GemBuilder adds many classes and methods to your client Smalltalk image. Some of these are public, which means that they are designed to be referenced directly from your applications. GemStone avoids changing public classes and methods from release to release. Many GemBuilder classes and methods are considered private; they are used to implement the internal workings of GemBuilder and are not designed to be referenced directly from applications. Avoid using private classes and methods; they may have undocumented side effects, and they are subject to change from release to release.

A GemBuilder class is private if its name begins with the prefix Gbx.All methods on private GemBuilder classes are considered private, unless the class comment indicates otherwise.

A GemBuilder method on a public class can be marked private in any of several ways:

  • The selectors of private methods in base class extensions begin with the prefix gbx.
  • Some methods specify they are private in the method comment.
  • Other methods are categorized as private in a method category marked “private”.

In general, we encourage you to use in your applications only GemBuilder classes and methods that are documented in this User's Guide, which describes the preferred way to accomplish tasks. Other public classes or methods may be obsolete but kept for backward compatibility.

Reserved prefix

In your code, do not define methods starting with “gb”. Methods with this prefix are reserved for GBS.

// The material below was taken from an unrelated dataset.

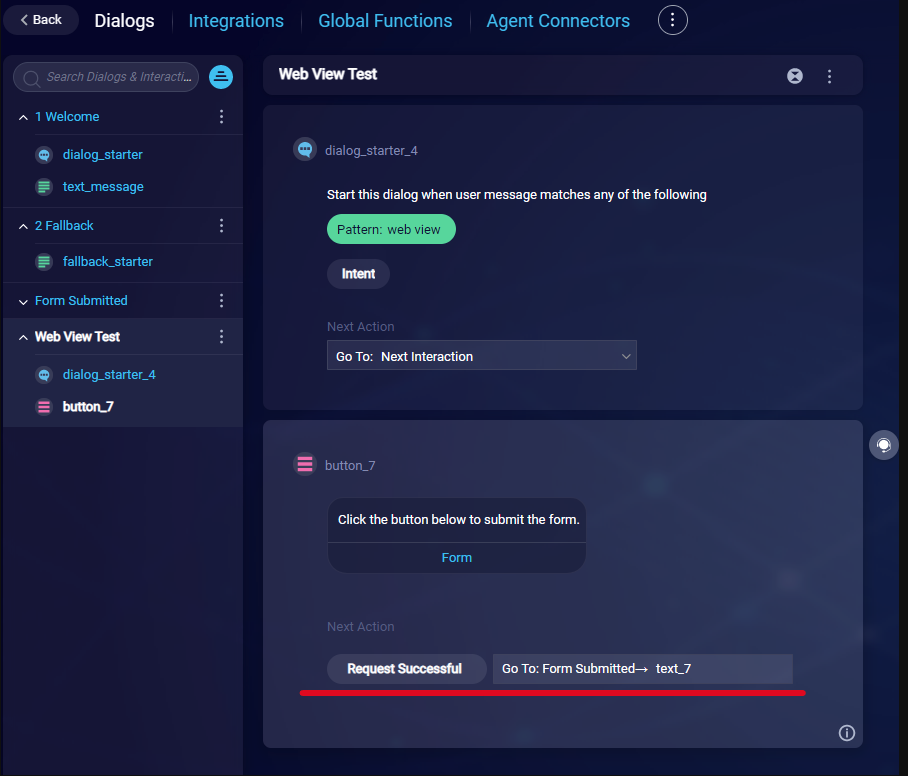 The configured custom rule as it appears directly on the button interaction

Likewise, do not use process environment keys starting with “gb”.

Deprecated features

GemBuilder may include features that are deprecated in the current release. This means that although the feature is still functional, it may be removed in a future release. In your applications, you should eliminate any dependencies on deprecated GemBuilder features.

You can find all deprecated features of GemBuilder by browsing the senders of #deprecated:.

To help you determine whether your application uses any deprecated features, GemBuilder by default raises a GemStone.Gbs.GbsInterfaceError whenever a deprecated feature is used. The description of the GbsInterfaceError gives information about the deprecated feature that was being used.

If your application does not have an active handler for GbsInterfaceError when a deprecated feature is used, a walkback dialog will open. Once you've noted information about your application's use of the deprecated feature, you may proceed from the walkback or debugger, and your application will continue. This is a useful technique for a developer testing for use of deprecated features.

Once you've noted a particular use of a deprecated feature, you can avoid further walkbacks from that use by adding a handler for the GbsInterfaceError that resumes the exception, at the point in your application that the deprecated feature is used.

You may also set the GemBuilder configuration parameter deprecationWarnings to false, as described in Chapter 10. When deprecationWarnings is false, any code in the client image may use any deprecated GemBuilder feature without raising the error.